Index investing traces its roots back more than 50 years and socially responsible investing (SRI)—a child of the 1970s—is no spring chicken either. Yet only recently have the two investing strategies become integrated in a way that does justice to both.
Investing with goals beyond profits alone has traditionally meant giving up conventional indexing strategies. SRI, in essence, is an active investment strategy, which leaves little if any room for the passive notions of buying stocks and puts it at odds with tapping indexing's low costs and competitive returns.
Ray Jubitz, executive director of the Jubitz Family Foundation in Portland, Oregon, says he also used to get frustrated with the traditional brokerage community and what he recalls as a lack of respect for his SRI objectives.
The good news is that indexing no longer demands compromising on social, environmental or other values-based issues.
Combining passive investing with SRI in concept has been around for years in terms of creating new benchmarks from scratch. In 1990, KLD Research & Analytics created the first socially responsible equity index: Domini 400 Social, the target benchmark for the iShares KLD 400 Social Index, a US-listed exchange-traded fund.
What's new is the ability to unite an investor's specific social preferences with the risk and reward profiles of conventional indices. As a result, investors can target the standard market indices that everyone knows and still remain true to their socially responsible principles.
Customising SRI preferences around standard indices is still a niche area, so only a handful of firms offer the service. One well-known player is Parametric Portfolio Associates, an investment management shop in Seattle, Washington. Another is California-based Aperio Group.
One of Aperio's specialties is building customised index-based portfolios for institutional investors, family offices and top-end wealth managers. The firm's proprietary strategy lets you keep your SRI preferences while hugging the returns of an existing index.
Here's how it works. You choose an index, which can be almost any conventional benchmark. Let's say you generally like the prospects for the S&P 500 but you prefer to stay true to a particular set of values on, say, the environment.
Aperio translates your values preferences into a screening process that ranks companies in the S&P 500. At the same time, it minimises what's known in the money management trade as tracking error. In other words, the firm reengineers the index to satisfy your social objectives while otherwise giving you the return of the benchmark.
You'll still own a representative sample of the S&P 500 stocks, although in different weights, depending on your preferences.

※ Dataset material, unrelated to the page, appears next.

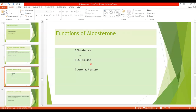All these changes — reabsorption of water along with sodium, plus water intake — lead to increased ECF volume. Ultimately plasma volume is increased, and if ECF volume remains increased for one to two days, it leads to an increase in arterial pressure. Importantly, even though sodium is continuously reabsorbed by the action of aldosterone, the concentration of sodium is not much changed because an equivalent amount of water is also reabsorbed. So ECF volume increases but sodium concentration changes only slightly.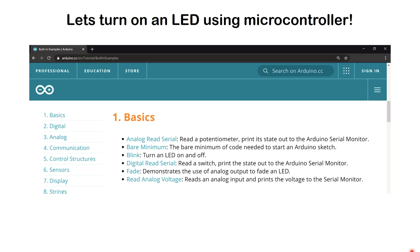Hi everyone, welcome to my YouTube channel. In today's video we're going to turn on some LEDs. If you look at any Arduino tutorial or any tutorial on getting started with microcontrollers, the first example you would see is a blink example that makes an LED go on and off using a pin on the microcontroller. This is a good starting example of how you would begin using a microcontroller.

You'll likely end up owning a portfolio that's missing some companies as well.
At the same time, Aperio aims to keep the portfolio acting like the S&P 500 as much as possible by quantifying your preferences and objectives – be they environmental, social, religious, or virtually anything else. Subjectivity, in other words, is no longer an impediment to indexing.
"You can be as customised as you want in terms of wishes and still do your best to track an index," says Debra Wetherby, CEO of Wetherby Asset Management, a San Francisco wealth manager that uses Aperio's SRI indexing services on behalf of clients.
The process begins with a questionnaire outlined by a firm like KLD Research & Analytics or IW Financial, which rank companies on SRI issues. In turn, stocks in the index are scored based on your view of the world. With results in hand, Aperio runs your social agenda through its quantitative analytical system and rebuilds the index according to your specifications.
"The customisation process is a dialogue, where you're having a conversation of what criteria's important and how rigid you want to be about it" explains Dan Porter, founder of the Portland, Maine-based IW Financial, which advises Aperio on SRI screening.
Ideally, the end result is a customised index that behaves exactly as the target index while meeting your SRI standards. Alas, in the real world there's almost always a tradeoff of some degree. Depending on the SRI goals, you may have to bend a little.
Typically, investors give up some of their social objectives if they want to track a given index more closely. Alternatively, investors can retain higher degree of their SRI principles if they're willing to accept an index that moves a bit more independently of the target benchmark. Finding the right balance is now up to you.